A geometric picture: carving up the space
Whichever method you use, the end result is the same kind of map: the space of possible inputs gets
carved into regions, one per class. Below, each class has a representative point (a
centroid), and a query is assigned to whichever class it's closest to. Drag the
query across a border and watch its predicted class flip — a simple stand-in for the decision
boundaries that softmax and one-vs-rest both draw, just with a distance rule instead of scores or
probabilities.
Softmax and the standard classifier
Paired with
cross-entropy
loss, softmax is the standard final layer of almost every classification
neural
network — the last stop before the model commits to an answer. One-vs-rest is simpler
to reason about and still used with classifiers that don't naturally output multiple scores at once
(like some
logistic
regression setups), but softmax's all-at-once, properly-normalised probabilities are
why it dominates modern deep learning.
The pairing works like this: once softmax has produced a probability for every class, training just
needs to know one number — the probability the model assigned to whichever class was
actually correct. Cross-entropy loss for a multiclass example is
L = -\log(p_{\text{correct class}}) — take that one probability, negate
its log, and you have exactly the same "small loss when confident and right, huge loss when
confident and wrong" behaviour as the two-class version, just applied across as many classes as you
like.
Two traps catch people who are new to multiclass classification:
-
Softmax's probabilities are forced to sum to exactly 1 across ALL classes. Raise
one class's probability and the others must shrink to compensate — they're all coupled together.

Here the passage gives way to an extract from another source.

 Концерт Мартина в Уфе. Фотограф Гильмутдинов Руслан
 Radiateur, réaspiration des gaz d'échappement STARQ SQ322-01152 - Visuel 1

This is completely unlike independent binary sigmoid outputs (as in one-vs-rest), which have no
obligation to sum to anything in particular — they could easily add up to 1.45, or 0.30, or
anything else.
-
Picking only the single highest-probability class throws information away. A
prediction of "cat: 0.52, dog: 0.47, bird: 0.01" and a prediction of "cat: 0.98, dog: 0.01, bird:
0.01" both get reported as simply "cat" if you only look at the top pick — but the first is a
nail-biting photo finish and the second is a landslide. Whenever it matters, keep the full
probability list, not just the winner.
It's easy to assume every classifier is doing the same kind of job, but the number of classes
varies wildly. A spam filter is secretly binary — spam or not — no matter how
sophisticated the model behind it. A voice assistant recognising which of several thousand possible
commands you just spoke, on the other hand, is heavily multiclass, choosing one
winner from a genuinely huge menu of options every time you speak.

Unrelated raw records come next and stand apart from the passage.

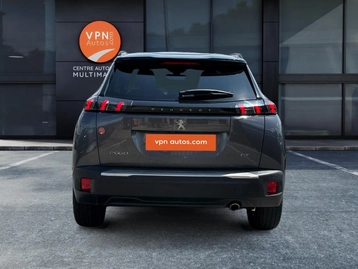 Image véhicule  Peugeot 2008 (3)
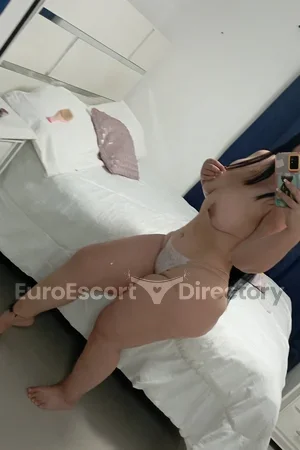 Alexa Euro Escort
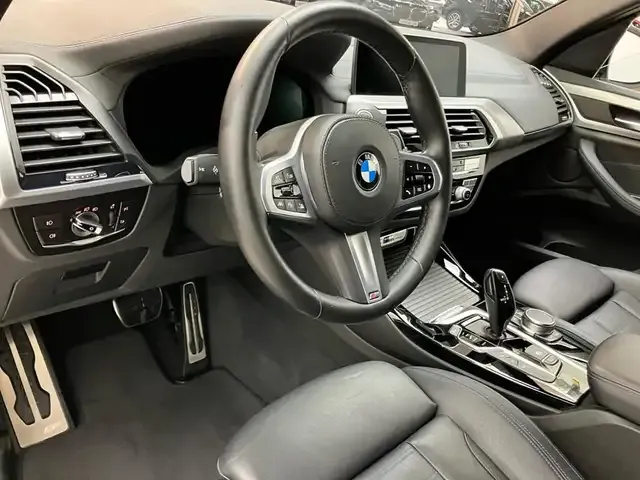 BMW X3 M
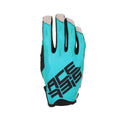 CE MX X-K KID ACERBIS VERDEPETROLEO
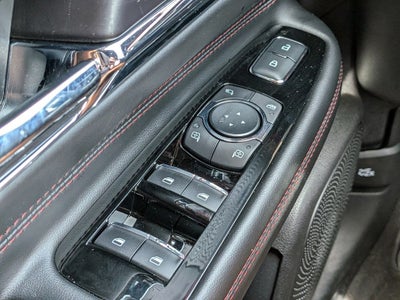 2025 Lincoln Corsair Plug-In Hybrid Grand Touring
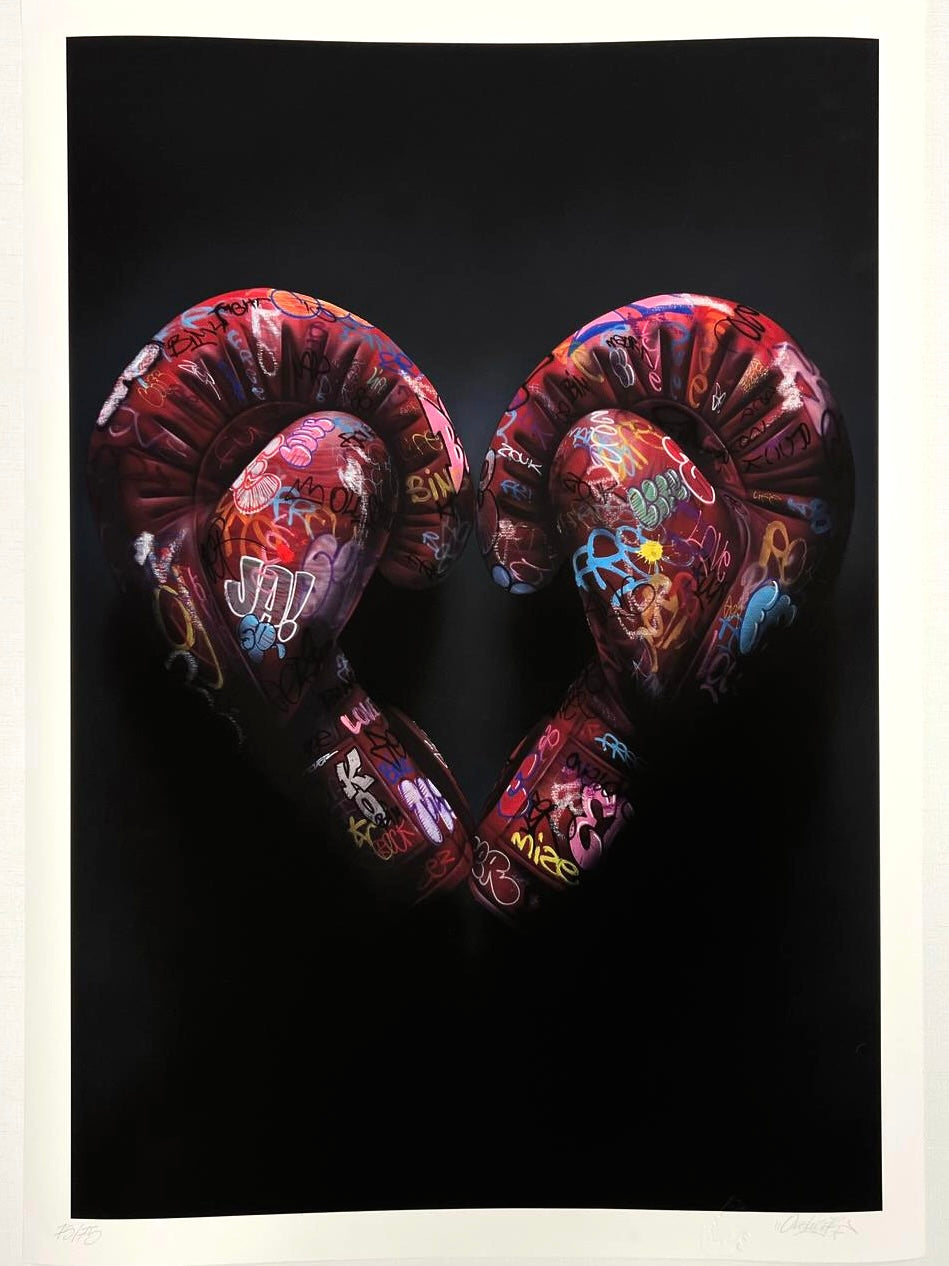 🥊 Boom 🥊 Limited edition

Handwriting recognition sits somewhere in between: sorting a scanned digit into one of
10 buckets (0 through 9) is multiclass, but with a small, fixed, well-behaved menu
of options — a gentle first stop before tackling something with hundreds or thousands of classes.
The most famous example of multiclass classification at massive scale is the
ImageNet Challenge, which asked computers to sort photos into 1000
different categories — everything from "Tibetan terrier" to "steel drum." When deep neural networks
suddenly got dramatically better at this 1000-way problem in 2012, it helped kick off the modern
deep-learning boom. One extra digit or one extra dog breed might not sound like much, but going from
2 classes to 1000 changes the scale of the problem enormously.